Esta semana se dieron a conocer los resultados de las evaluaciones Aprender 2021, que consolidan la información de las distintas jurisdicciones del país. Los datos son alarmantes, aunque no sorprendentes. Se observa una caída tanto en lengua como en matemática, respecto de la última toma de 2018. La caída en la cantidad de alumnos que lograron desempeños satisfactorios o avanzados en Lengua roza los 20 puntos porcentuales.
Mientras en matemática esta caída es de 2,6 puntos porcentuales. La diferencia no debe engañarnos: el deterioro en matemática ya era notorio en la prueba de 2018. En 2021, menos de la mitad de los alumnos de escuelas públicas alcanzaron resultados mínimos satisfactorios. Los resultados, además, ratifican la existencia de una profunda brecha entre la gestión pública y privada. Aunque ninguno de los dos sectores se salva del deterioro.
Los datos deben ser analizados sin precipitación. “En el mar de los promedios se ahogan los enanos”, dice el refrán. Es necesario avanzar con una comprensión profunda y detallada sobre la situación de cada escuela, en cada jurisdicción, en relación con la tasa de participación, los programas de mejora en curso, la incidencia de la pandemia, etc. Más allá del análisis técnico, hay varias conclusiones que pueden extraer los ciudadanos “de a pie”.
La primera y fundamental refiere a la importancia insoslayable de contar con datos regulares sobre el desempeño escolar. Aunque nos alarmen los resultados, debemos celebrar la existencia de datos y su publicación transparente. Saber con certeza dónde está la mayor necesidad permite direccionar esfuerzos.
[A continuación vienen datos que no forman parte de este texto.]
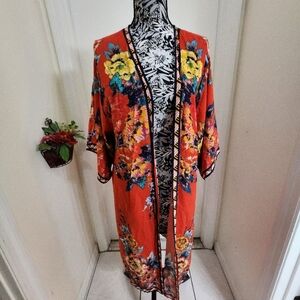 Flying Tomato floral kimono topper m/l Hawaiian vacation beachy duster b…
Los datos son pilares fundamentales para la construcción de equidad y calidad.
Evidentemente, los resultados de pruebas estandarizadas son como la temperatura del termómetro: traducen en variables parciales y discretas los síntomas del estado de salud del sistema. La temperatura que arroja el termómetro nos habla de una fiebre alta y persistente. Esta es la segunda conclusión: la fiebre no es la enfermedad, sino su síntoma. Los problemas del sistema educativo son diversos, profundos y multicausales.
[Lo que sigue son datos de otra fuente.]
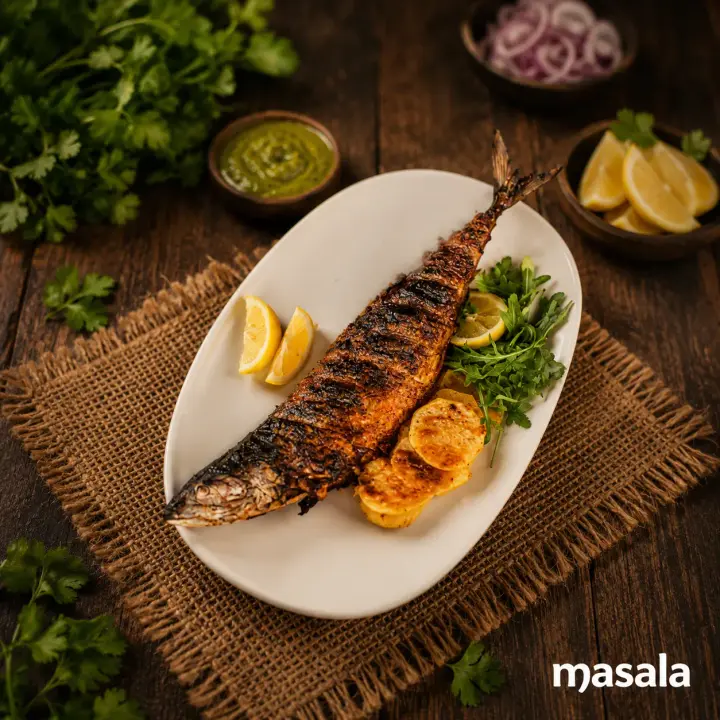 Tandoori mackerel fish from the tandoor at Masala Killiney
Las responsabilidades son plurales, no sólo de docentes o directivos. La enfermedad viene desde hace tiempo, algo que es duro de admitir cuando tantas personas (alumnos, docentes, directivos, técnicos, políticos, representantes gremiales) ponen su empeño día tras día para intentar que las cosas mejoren. El reconocimiento de la enfermedad es el principio de la cura. No se trata de un reconocimiento meramente intelectual.
Y es que cuando una herida no duele, existe el riesgo de que pase inadvertida o sea minimizada. Sólo si “duelen los datos” habrá oportunidad de revertir el cuadro. La tercera conclusión tiene que ver con el alcance temporal de los procesos educativos. Debemos prevenirnos de hacer una lectura o utilización político-partidaria de los resultados. Los avances o deterioros en los sistemas educativos suceden en períodos extensos.
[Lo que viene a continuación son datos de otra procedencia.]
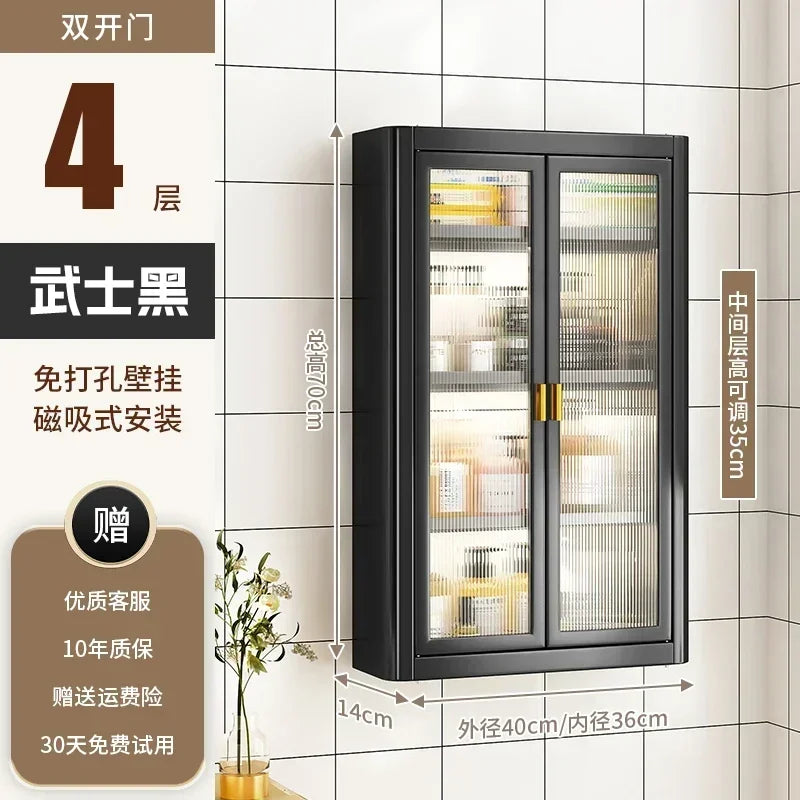 Modern Wall Mounted Bathroom Cabinet White Waterproof Storage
Revertir estos resultados llevará años y exigirán el acuerdo de políticas que atiendan “la urgencia del largo plazo”. Es aconsejable que estas políticas sean pocas, simples, pero contundentes. Tal vez la prueba en la que más gravemente venimos fallando como país sea precisamente esta última: la que mide nuestra capacidad de forjar acuerdos políticos multipartidarios y multijurisdiccionales duraderos. Ojalá el dolor presente sirva para avanzar con urgencia en esta dirección.